1. Field of the Invention
The present invention relates to a solid state imaging device and a method of manufacturing the solid state imaging device, and more particularly to an antireflection film.
2. Description of the Invention
In recent years, in a solid state imaging device, the number of imaging pixels has been increased to gigapixels or more, and a fineness of a pixel region has also been enhanced increasingly. In such a situation, there has been proposed a structure in which a film having a high refractive index for an antireflection is formed on a photoelectric converting portion constituted by a photodiode, while the periphery of a light receiving region is coated with a tungsten shielding film in order to reduce a smear.
In the related-art solid state imaging device, a charge transfer electrode is formed on a surface of a silicon substrate through a gate insulating film and an antireflection film constituted by an insulating film such as a silicon nitride film is formed thereon through an insulating film, and a shielding film having an opening in a light receiving region is formed thereon.
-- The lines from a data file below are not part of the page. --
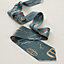 Les Chevaux Dechaines tie, view 3 of 3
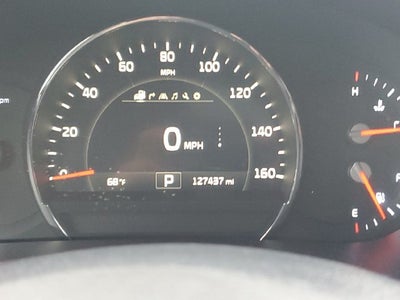 2017 Kia Sorento SX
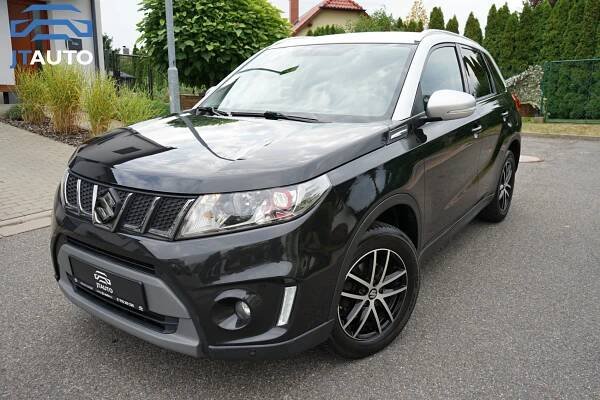 Suzuki Vitara 1.4 S BOOST,NAVI KAMERA,TAŽNÉ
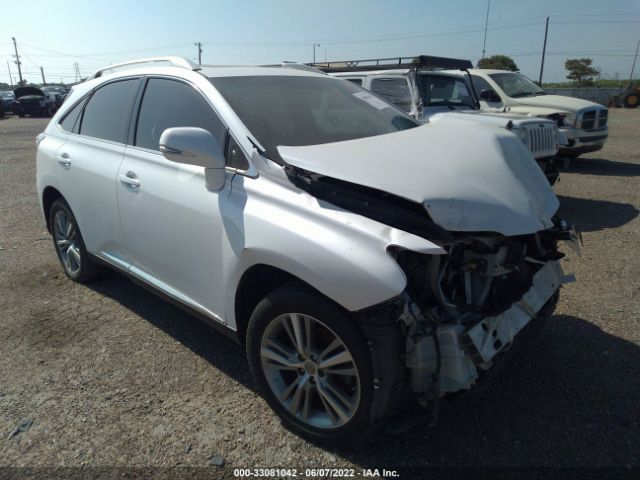 LEXUS RX 350 2015 2t2zk1ba3fc155987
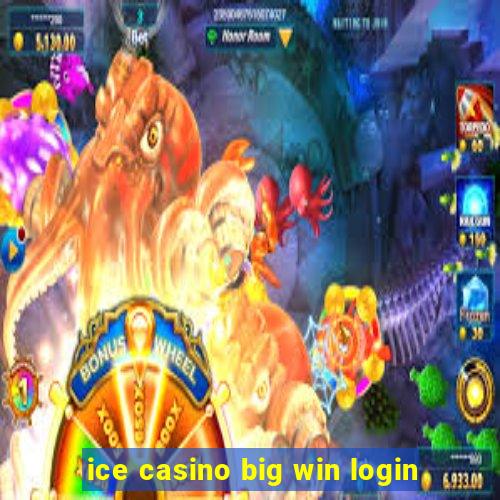 ice casino big win login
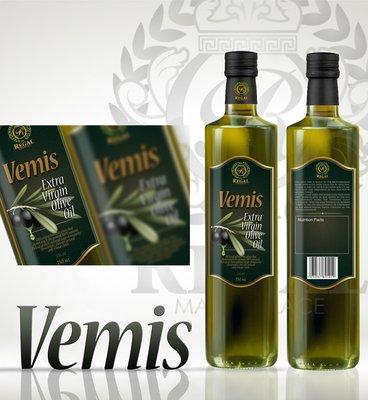 100% extra virgin Greek Olive Oil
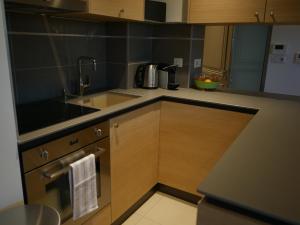 Appart'hotels Residence de Tourisme Central Parc Tours : photos des chambres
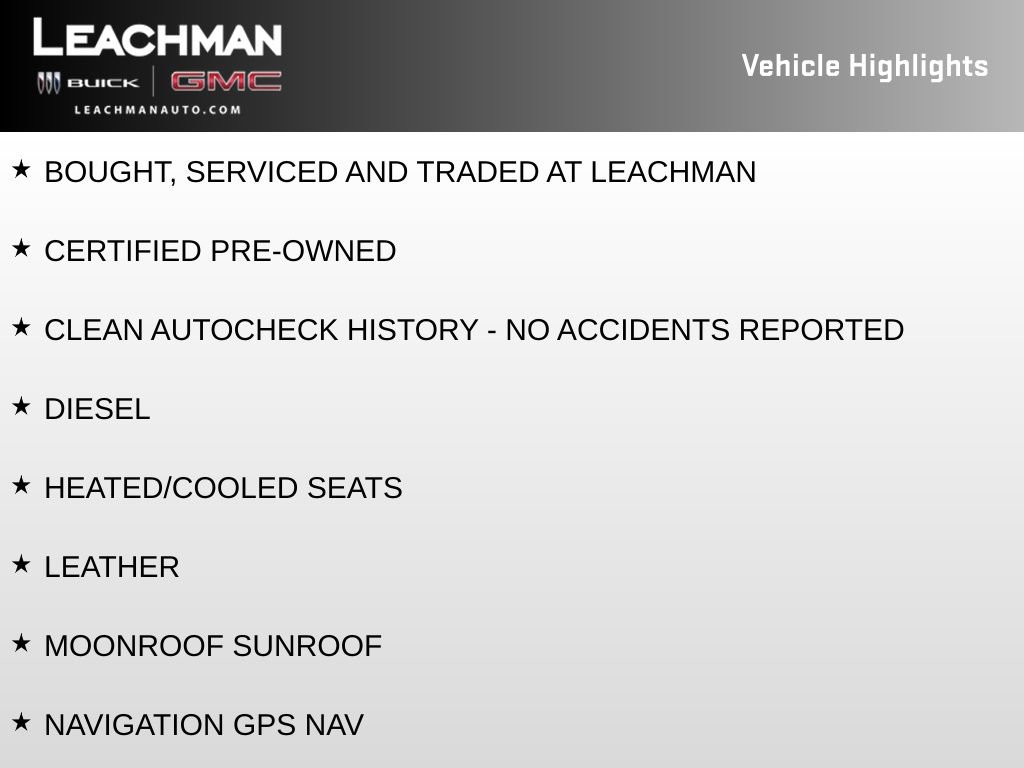 Certified 2025 GMC Sierra 2500 Denali Ultimate image 8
In the solid state imaging device, the antireflection film is to be formed thickly in order to ensure a breakdown voltage between the charge transfer electrode and the shielding film, and the shielding film is formed on the thick antireflection film. With the structure, there is a problem in that a multiple reflection is generated between the shielding film and the antireflection film when the antireflection film is formed thickly and an oblique incident light transmitted from the photodiode into the charge transfer path deteriorates a smear.
In recent years, therefore, there has been proposed a solid state imaging device in which a charge transfer electrode is covered with an ONO film having a three-layer structure including a silicon oxide film, a silicon nitride film and a silicon oxide film in order to ensure a breakdown voltage between the charge transfer electrode and the shielding film and between the silicon substrate and the shielding film (See JP-A-7-45808).
In the related-art solid state imaging device, it is possible to enhance the breakdown voltage by using the ONO film. With the structure, however, the silicon nitride film in the ONO film is removed from the photoelectric converting portion. For this reason, there is still a problem in that an incident light on the photoelectric converting portion is reflected, and a reduction in a sensitivity sometimes causes a problem.
In the case of a two-layer electrode structure, moreover, a silicon nitride film to be an antireflection film for covering a photoelectric converting portion is usually formed on a first electrode. In this case, in FIG. 8 showing a section of a charge transfer electrode portion, there is a problem in that a distance between a shielding film 6 and a second electrode 3b is reduced at an edge of the second electrode 3b and a defective breakdown voltage is apt to be generated. 3a denotes a first electrode, and 4 and 5 denote an insulating film such as silicon oxide. In this connection, a voltage to be applied between the shielding film and a substrate is 0V, while a voltage to be applied between the shielding film 6 and the second electrode 3b is −8 to +15V. Moreover, there is a problem in that a passage for hydrogen at a hydrogen annealing step is eliminated when the silicon nitride is formed to cover the second electrode 3b. There is also a problem in that it is hard to carry out a pattern formation over a concavo-convex surface with high precision when an opening for hydrogen annealing is to be formed on the silicon nitride film.